EFF asked the Supreme Court yesterday to weigh in on Vernor v. Autodesk, a case that tests whether the "first sale doctrine" will survive in the digital age.

Under the first sale doctrine, once a copyright owner sells or gives you a copy of her work, she gives up control of that particular copy. You buy it, you own it. This principle is extraordinarily important for consumers, as it makes it legal for you to resell, lend, or give away the books, CDs, DVDs, and software that you purchase.

Many copyright owners don’t like these limits; they’d rather be able to completely control the market for their products, including any secondary markets. Thus, in an effort to duck the first sale doctrine, companies increasingly claim that they are "licensing" products to consumers, instead of selling them.

That's exactly what's happening in Vernor. Timothy Vernor, an online software reseller, tried to auction four packages of Autodesk's AutoCAD software on eBay, but Autodesk threatened Mr. Vernor with a copyright infringement lawsuit, claiming that its software is only “licensed,” never sold and pointing to the fine print on the agreement it had with the original purchaser from whom Mr. Vernor obtained the software.

The public interest litigators at Public Citizen pitched in to help Mr. Vernor, and they filed suit in Seattle, asking the court to clarify his right to resell the software. The district court agreed with Vernor in 2009, but Autodesk appealed to the 9th U.S. Circuit Court of Appeals. There, justices wrongly held that the first sale doctrine doesn't apply as long as the vendor writes a user agreement that includes restrictions transforming a sale into a license. In other words, if you use the right "magic words," you can turn buyers of your works into renters, who don't have the right to resell, lend, or give away property they thought they owned.

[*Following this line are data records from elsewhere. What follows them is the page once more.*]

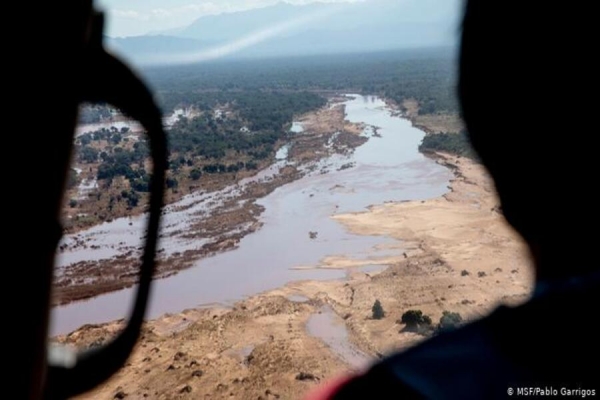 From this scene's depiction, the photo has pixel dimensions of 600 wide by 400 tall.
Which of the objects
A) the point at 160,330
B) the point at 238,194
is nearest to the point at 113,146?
the point at 238,194

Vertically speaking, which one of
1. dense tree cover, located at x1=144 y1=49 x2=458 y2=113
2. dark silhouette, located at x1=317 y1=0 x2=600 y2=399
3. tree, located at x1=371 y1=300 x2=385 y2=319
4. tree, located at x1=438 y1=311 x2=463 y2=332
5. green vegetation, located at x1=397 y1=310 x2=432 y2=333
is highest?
dark silhouette, located at x1=317 y1=0 x2=600 y2=399

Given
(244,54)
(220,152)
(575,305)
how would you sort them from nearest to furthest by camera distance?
(575,305) → (220,152) → (244,54)

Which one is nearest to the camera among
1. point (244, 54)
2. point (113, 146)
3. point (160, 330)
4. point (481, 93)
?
point (481, 93)

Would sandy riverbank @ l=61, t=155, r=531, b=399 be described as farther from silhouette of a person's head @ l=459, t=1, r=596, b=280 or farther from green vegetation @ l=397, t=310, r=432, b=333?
silhouette of a person's head @ l=459, t=1, r=596, b=280

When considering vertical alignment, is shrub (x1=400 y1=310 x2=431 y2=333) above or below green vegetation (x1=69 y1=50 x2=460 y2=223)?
above

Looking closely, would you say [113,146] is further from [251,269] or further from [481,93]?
[481,93]

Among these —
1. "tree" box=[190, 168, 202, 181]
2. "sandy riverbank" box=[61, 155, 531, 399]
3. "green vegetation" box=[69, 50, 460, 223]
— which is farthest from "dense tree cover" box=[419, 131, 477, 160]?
"tree" box=[190, 168, 202, 181] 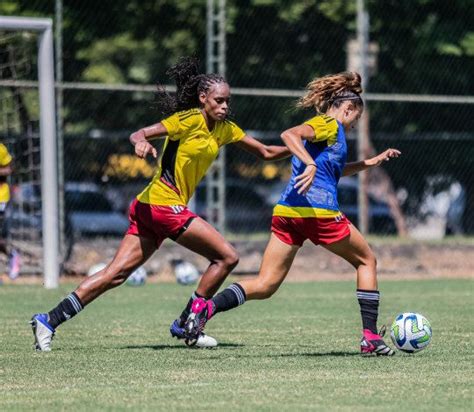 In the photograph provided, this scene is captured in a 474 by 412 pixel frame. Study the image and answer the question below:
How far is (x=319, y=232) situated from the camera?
867 cm

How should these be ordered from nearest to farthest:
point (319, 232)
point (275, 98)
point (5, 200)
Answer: point (319, 232)
point (5, 200)
point (275, 98)

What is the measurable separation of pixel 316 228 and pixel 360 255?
380 millimetres

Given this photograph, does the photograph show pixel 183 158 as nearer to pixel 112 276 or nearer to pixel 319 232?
pixel 112 276

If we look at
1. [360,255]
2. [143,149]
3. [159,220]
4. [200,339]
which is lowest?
[200,339]

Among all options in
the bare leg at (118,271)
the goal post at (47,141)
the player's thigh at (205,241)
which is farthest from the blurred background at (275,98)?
the bare leg at (118,271)

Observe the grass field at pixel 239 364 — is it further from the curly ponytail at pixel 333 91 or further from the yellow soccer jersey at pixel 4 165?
the yellow soccer jersey at pixel 4 165

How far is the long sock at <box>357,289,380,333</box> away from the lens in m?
8.66

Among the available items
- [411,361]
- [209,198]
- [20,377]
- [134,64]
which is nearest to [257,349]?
[411,361]

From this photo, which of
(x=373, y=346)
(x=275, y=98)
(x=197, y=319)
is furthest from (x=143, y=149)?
(x=275, y=98)

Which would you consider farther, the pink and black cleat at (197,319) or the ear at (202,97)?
the ear at (202,97)

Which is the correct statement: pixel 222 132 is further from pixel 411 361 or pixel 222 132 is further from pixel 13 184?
pixel 13 184

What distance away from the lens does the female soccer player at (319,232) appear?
8.65 meters

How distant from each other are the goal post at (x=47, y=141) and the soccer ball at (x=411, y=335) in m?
7.90

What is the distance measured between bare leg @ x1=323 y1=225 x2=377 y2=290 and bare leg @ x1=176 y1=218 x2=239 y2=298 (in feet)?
2.72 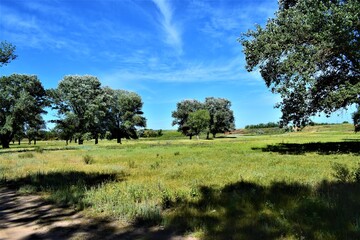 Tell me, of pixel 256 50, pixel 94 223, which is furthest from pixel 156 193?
pixel 256 50

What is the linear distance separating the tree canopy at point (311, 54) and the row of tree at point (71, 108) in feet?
113

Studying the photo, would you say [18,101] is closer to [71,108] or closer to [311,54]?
[71,108]

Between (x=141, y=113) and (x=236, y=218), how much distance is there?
81333 millimetres

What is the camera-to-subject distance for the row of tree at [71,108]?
45.1 m

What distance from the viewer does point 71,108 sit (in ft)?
200

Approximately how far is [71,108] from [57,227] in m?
57.8

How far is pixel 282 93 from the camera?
24781 mm

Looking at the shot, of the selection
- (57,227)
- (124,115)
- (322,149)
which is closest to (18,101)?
(124,115)

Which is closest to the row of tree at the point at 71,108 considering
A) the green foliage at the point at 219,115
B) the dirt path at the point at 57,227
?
the green foliage at the point at 219,115

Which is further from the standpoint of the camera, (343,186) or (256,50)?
(256,50)

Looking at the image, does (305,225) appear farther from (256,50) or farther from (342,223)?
(256,50)

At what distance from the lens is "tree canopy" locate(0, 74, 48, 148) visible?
145 feet

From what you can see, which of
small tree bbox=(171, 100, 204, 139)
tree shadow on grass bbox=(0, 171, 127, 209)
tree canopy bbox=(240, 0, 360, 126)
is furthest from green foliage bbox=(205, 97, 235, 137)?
tree shadow on grass bbox=(0, 171, 127, 209)

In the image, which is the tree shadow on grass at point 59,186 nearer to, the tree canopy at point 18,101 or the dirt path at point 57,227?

This decision was bad news for consumers. By undermining the crucial balance between copyright owners and users that supports used bookstores, libraries, DVD rentals, and so on, it hurt our ability to save a few dollars and our ability to retain, archive and access older, out-of-print materials. Libraries and second-hand sellers are often the only hope for these materials and the “long tail” community of researchers, historians and hobbyists that value them. And since software is embedded in an extraordinary array of content and devices, from videos to music to goods such as phones, picture frames, book readers, etc., all of which is made available subject to a EULA few consumers read, we worry that the decision may have an even broader impact.

This Ninth Circuit got this one wrong, which is why we asked the Supreme Court to hear this case. A coalition of public interest, consumer, and library groups joined EFF in the amicus brief, including several national library associations, Public Knowledge, the Consumer Federation of America, and U.S. PIRG. We hope that the Court agrees to review the case and treats it as an opportunity to put consumer rights and expectations ahead of the overreaching demands of software vendors.